<<<<

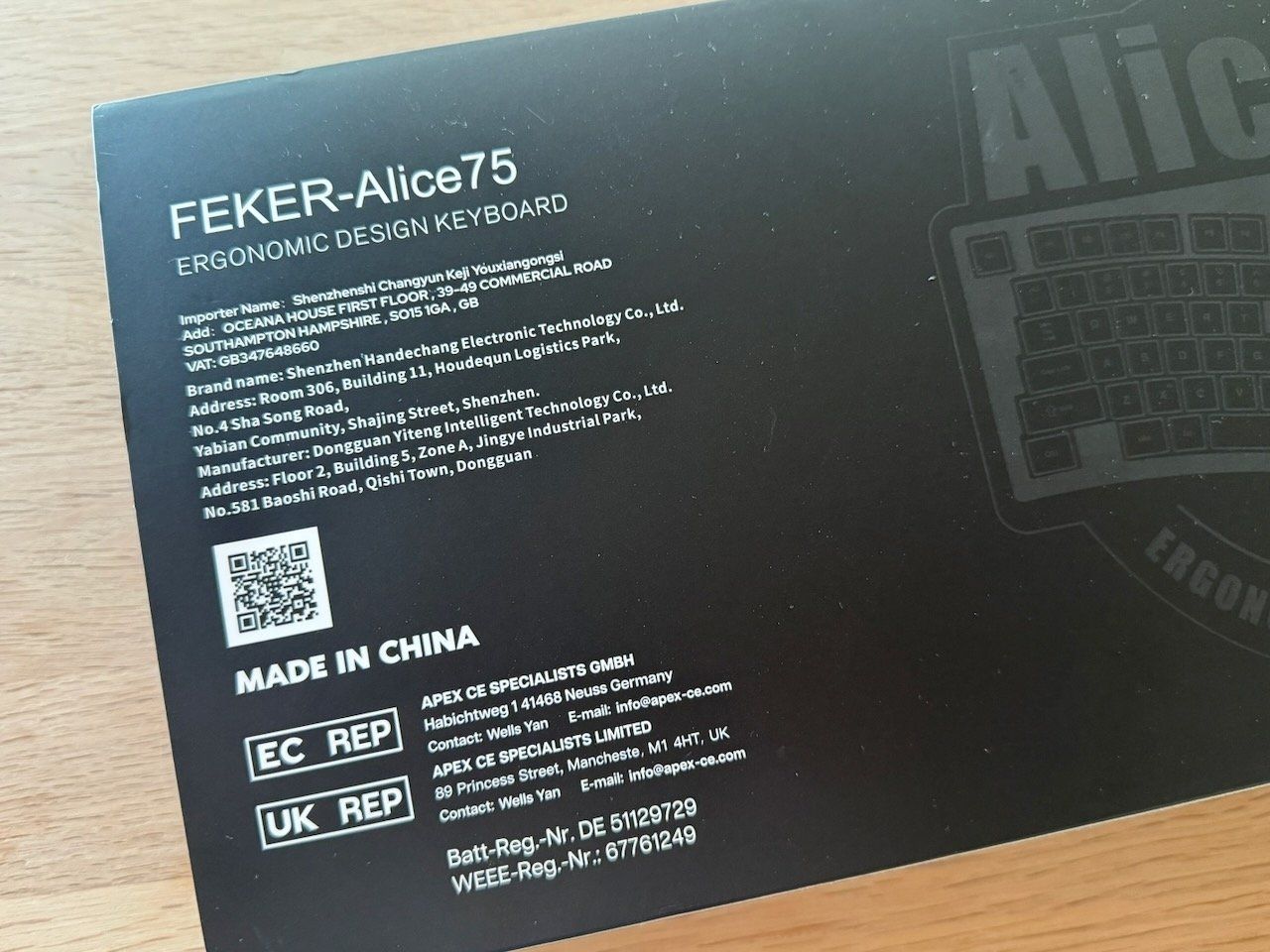 Tastiere: FEKER Alice 75 Mechanical Keyboard – Nuovo e nell'imballaggio originale da Gebenstorf venduto da doomedsardines 9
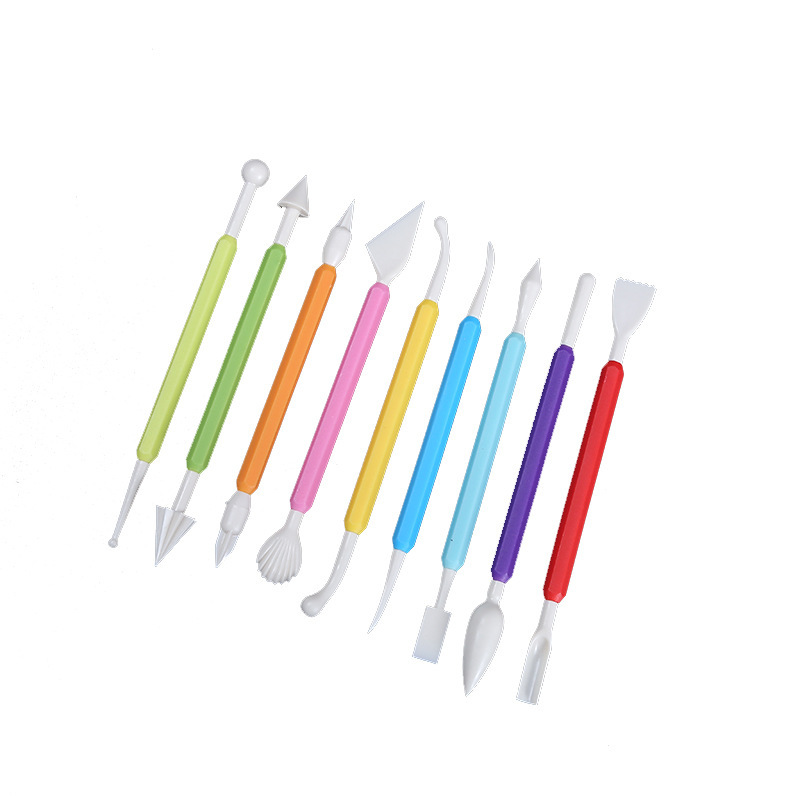 Decorating Pen Color 9-Piece Set Fondant Cake Decorating and Carving Tools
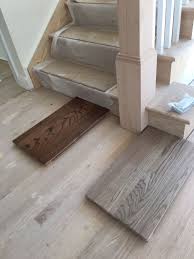 50 50 Minwax Classic Gray And Pickled Oak On Red Oak Sample Plus English Chestnut Sample Hardwood Floor Colors Wood Floor Colors Oak Hardwood Flooring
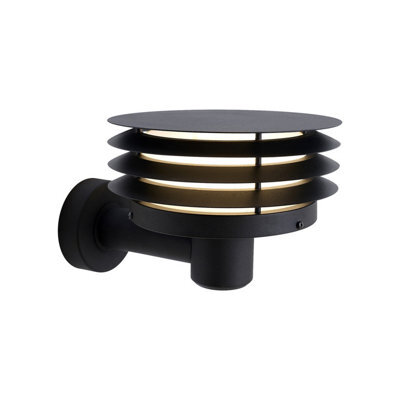 Nordlux Cirella Outdoor Wall Light Black Metal Solar E27 Sensor Coastal/marine Safe - Mains Powered, Ip54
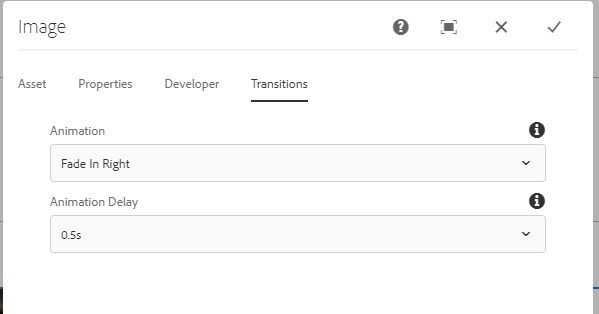 animation options
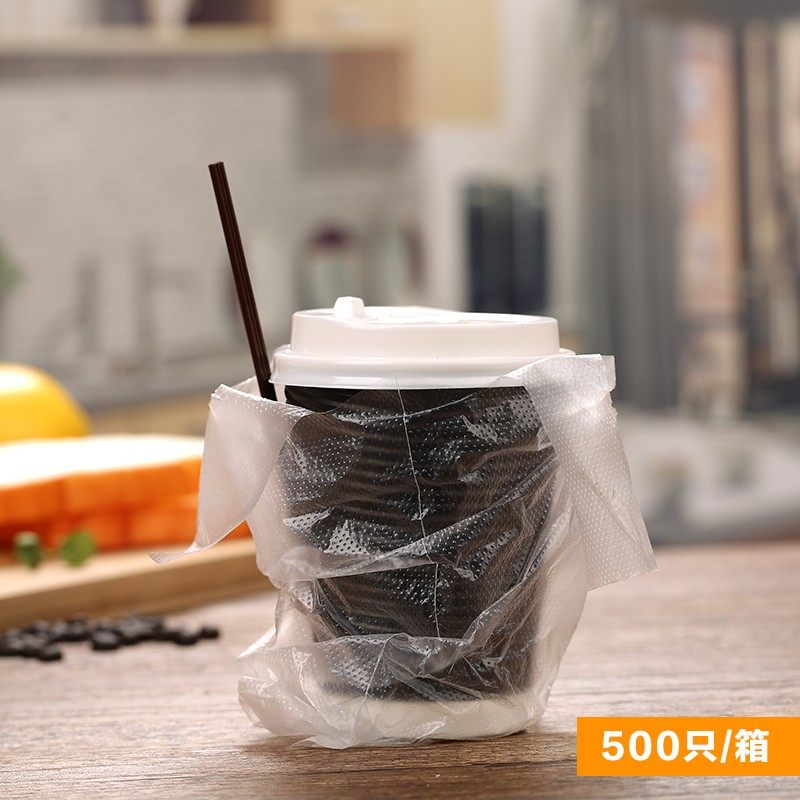 加厚双层一次性咖啡奶茶带盖纸杯饮料杯子500只定做定制印logo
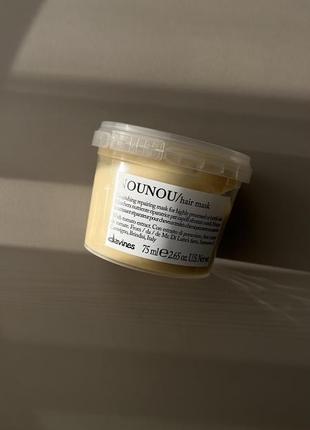 Davines nounou repair hair mask for damaged hair маска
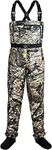 Dark Lightning Camo Breathable Insulated Chest Waders, fit for Men and Women, Perfect for 4 Seasons Fly Fishing Stocking Foot Waders (Camo, Large)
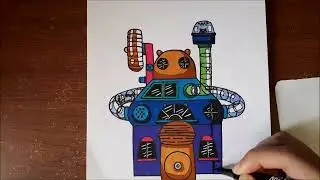 4-storey Rodentia House - Speed Pen Drawing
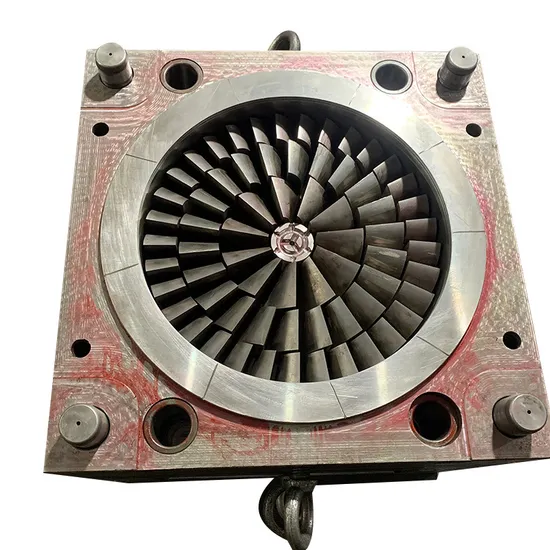 Fan Cover Electrical Parts PP Reinforced Polypropylene Multi-Wing Centrifugal Wind Turbine Coil Blade Mold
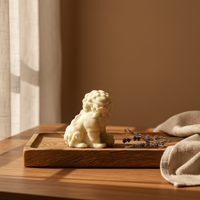 Savon Lion 3D Fait Main - Barre de Savon Naturel à la Glycérine en Forme d'Animal avec Huiles Essentielles, Cadeau Spa pour Hommes et Enfants, Savon Exfoliant pour la Douche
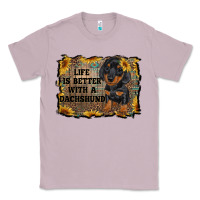 Lilac life is better with a dachshund Classic Tee - RanaPortraitStore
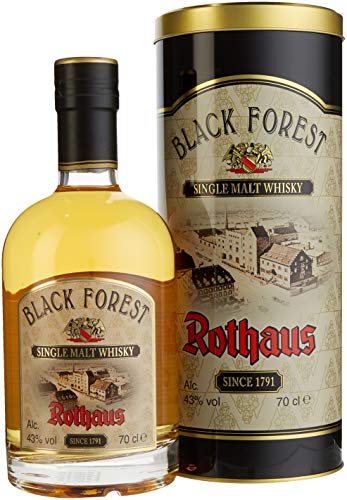 Rothaus Black Forest Single Malt Whisky mit Geschenkverpackung (1 x 0.7 l) von Rothaus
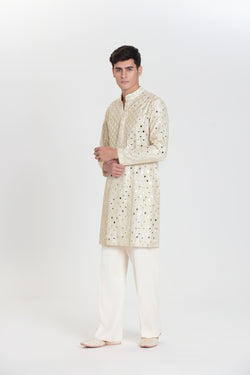 Gold Ivory Kurta Set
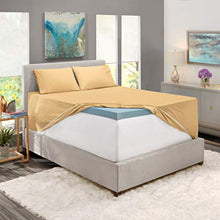 Load image into Gallery viewer, Nestl Full XL Sheets Set - 4 Piece Bed Sheets for Full XL Size Bed, Double Brushed Full XL Size Sheets, Hotel Luxury Taupe Sheets, Extra Soft Bedding Sheets & Pillowcases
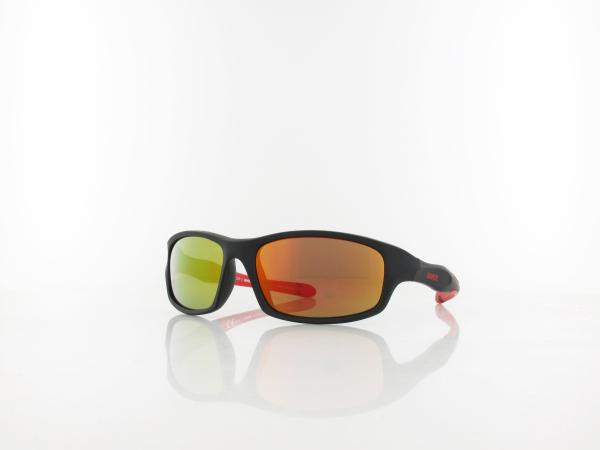 UVEX | sportstyle 507 S533866 2316 53 | black mat red / mirror red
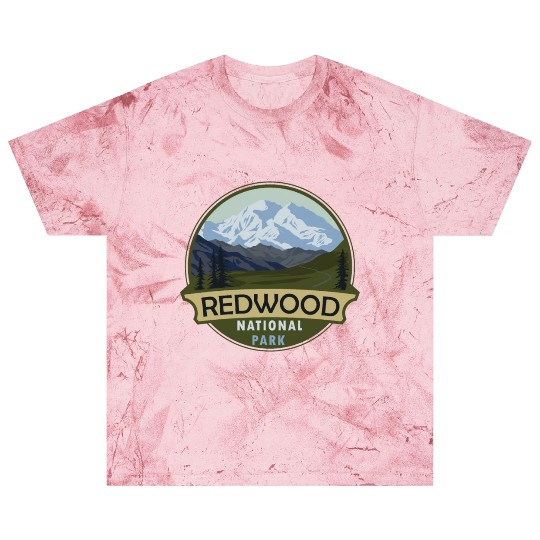 Cool Vintage Retro Redwood National Park Mountain Blast T Shirts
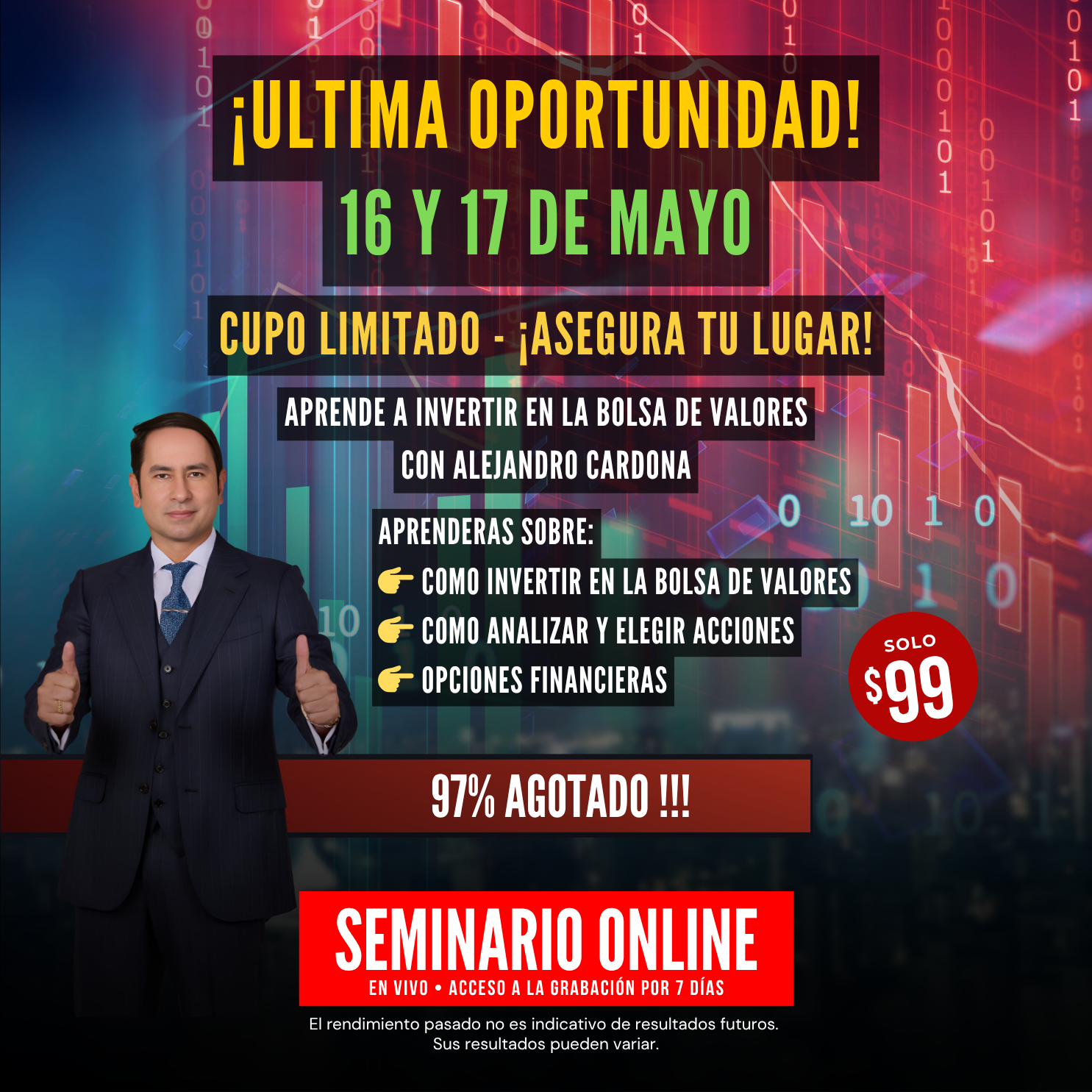 Alejandro Cardona Facebook ad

>>>>

▶ _What you have to do_
Everything from the line with "Dark Lightning Camo" through the end of the records above, both ends included, is to be reproduced exactly, and nothing outside that span; the pictures are to be dropped.

▶ _Result of the task_
 Dark Lightning Camo Breathable Insulated Chest Waders, fit for Men and Women, Perfect for 4 Seasons Fly Fishing Stocking Foot Waders (Camo, Large)
 4-storey Rodentia House - Speed Pen Drawing
 Fan Cover Electrical Parts PP Reinforced Polypropylene Multi-Wing Centrifugal Wind Turbine Coil Blade Mold
 Savon Lion 3D Fait Main - Barre de Savon Naturel à la Glycérine en Forme d'Animal avec Huiles Essentielles, Cadeau Spa pour Hommes et Enfants, Savon Exfoliant pour la Douche
 Lilac life is better with a dachshund Classic Tee - RanaPortraitStore
 Rothaus Black Forest Single Malt Whisky mit Geschenkverpackung (1 x 0.7 l) von Rothaus
 Gold Ivory Kurta Set
 Load image into Gallery viewer, Nestl Full XL Sheets Set - 4 Piece Bed Sheets for Full XL Size Bed, Double Brushed Full XL Size Sheets, Hotel Luxury Taupe Sheets, Extra Soft Bedding Sheets & Pillowcases
 UVEX | sportstyle 507 S533866 2316 53 | black mat red / mirror red
 Cool Vintage Retro Redwood National Park Mountain Blast T Shirts
 Alejandro Cardona Facebook ad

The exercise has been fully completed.